## EXERCISE BRIEF:
Pictures in the records below must be left out. Return exactly the lines from the line with "Bonaok Wireless Bluetooth" to the line with "3D model Acrylic Hologram Lamp Car Blue", both included.

## INPUT MATERIAL:
* * *

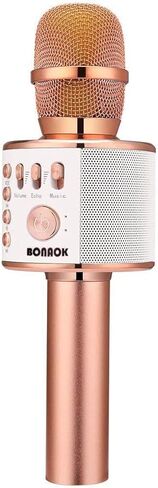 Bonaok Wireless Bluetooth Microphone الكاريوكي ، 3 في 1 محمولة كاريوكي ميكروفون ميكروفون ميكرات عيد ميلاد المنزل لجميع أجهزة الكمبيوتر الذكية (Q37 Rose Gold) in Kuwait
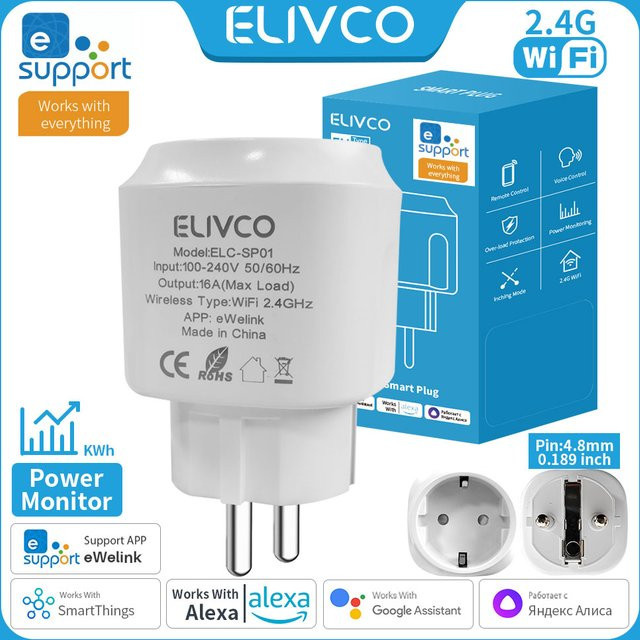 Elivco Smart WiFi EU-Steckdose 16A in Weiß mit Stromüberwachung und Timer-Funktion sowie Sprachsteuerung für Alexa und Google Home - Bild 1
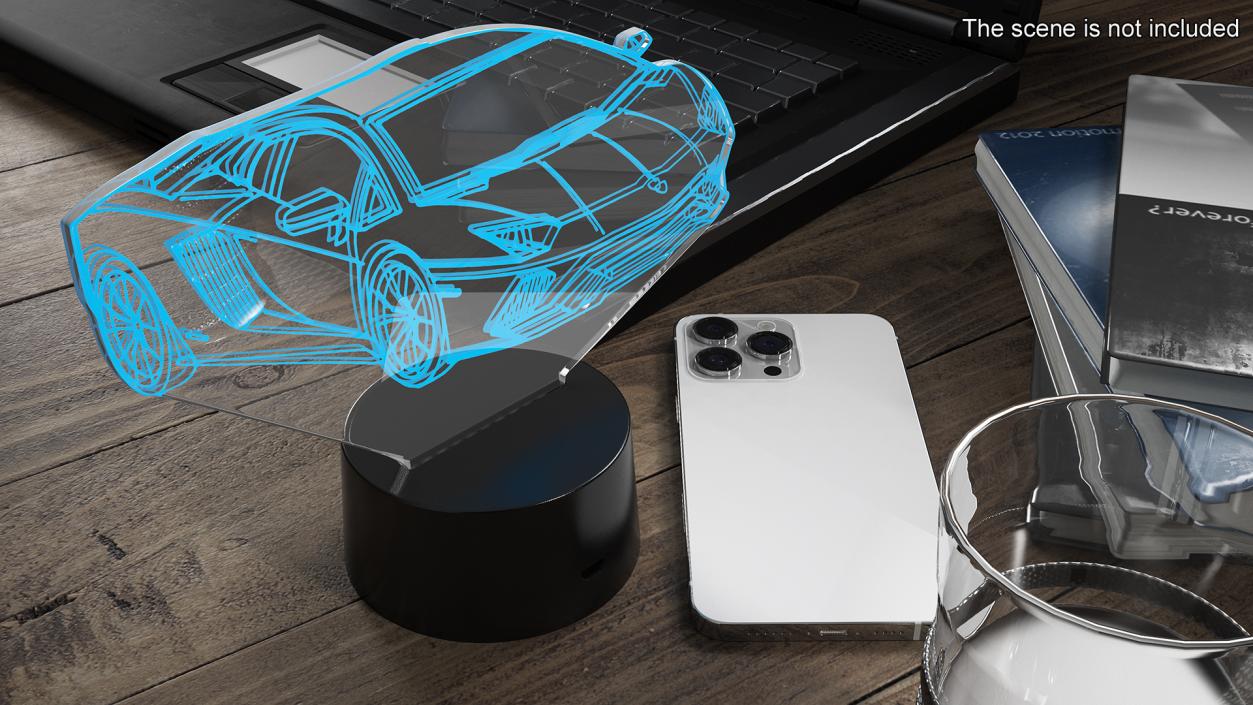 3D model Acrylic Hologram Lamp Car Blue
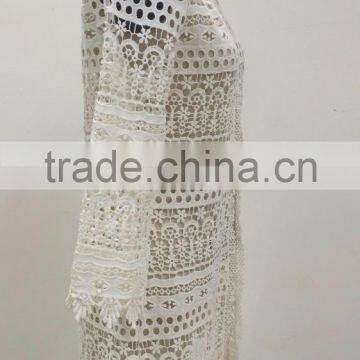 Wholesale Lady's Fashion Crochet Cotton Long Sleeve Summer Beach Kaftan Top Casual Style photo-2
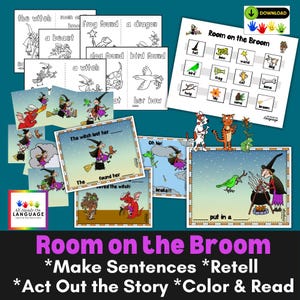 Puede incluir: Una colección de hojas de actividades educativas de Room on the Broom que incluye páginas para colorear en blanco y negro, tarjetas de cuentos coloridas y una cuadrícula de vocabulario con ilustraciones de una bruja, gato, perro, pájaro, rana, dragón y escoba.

* * *

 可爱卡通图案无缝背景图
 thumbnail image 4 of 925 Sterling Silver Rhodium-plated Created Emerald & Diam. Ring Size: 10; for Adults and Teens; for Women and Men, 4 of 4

* * *

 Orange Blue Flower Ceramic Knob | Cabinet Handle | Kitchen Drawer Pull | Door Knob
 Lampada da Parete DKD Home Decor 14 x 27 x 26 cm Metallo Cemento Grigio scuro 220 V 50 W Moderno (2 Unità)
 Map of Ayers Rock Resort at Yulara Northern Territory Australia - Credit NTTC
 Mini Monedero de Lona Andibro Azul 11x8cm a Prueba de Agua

* * *

## PROBLEM SOLUTION:
 Bonaok Wireless Bluetooth Microphone الكاريوكي ، 3 في 1 محمولة كاريوكي ميكروفون ميكروفون ميكرات عيد ميلاد المنزل لجميع أجهزة الكمبيوتر الذكية (Q37 Rose Gold) in Kuwait
 Elivco Smart WiFi EU-Steckdose 16A in Weiß mit Stromüberwachung und Timer-Funktion sowie Sprachsteuerung für Alexa und Google Home - Bild 1
 3D model Acrylic Hologram Lamp Car Blue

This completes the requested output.